• _Collected material_:
*-*-*

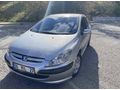 Sahibinden Peugeot 307 1.6 XT 2001 Model 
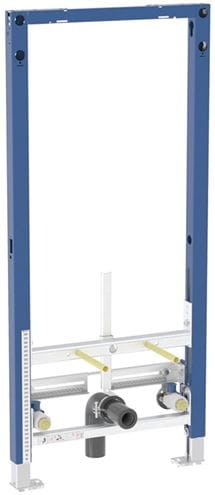 GEBERIT DUOFIX montážny rám pre bidet 112 cm 111.510.00.2 Obrázek - Hlavní obrázek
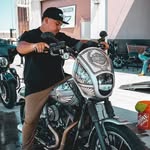 Jr - @chris_noe - Instagram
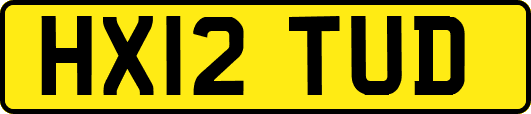 HX12TUD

*-*-*

• _What is required_: Reproduce all the material exactly, omitting images.

• _Answer_:
 Sahibinden Peugeot 307 1.6 XT 2001 Model 
 GEBERIT DUOFIX montážny rám pre bidet 112 cm 111.510.00.2 Obrázek - Hlavní obrázek
 Jr - @chris_noe - Instagram
 HX12TUD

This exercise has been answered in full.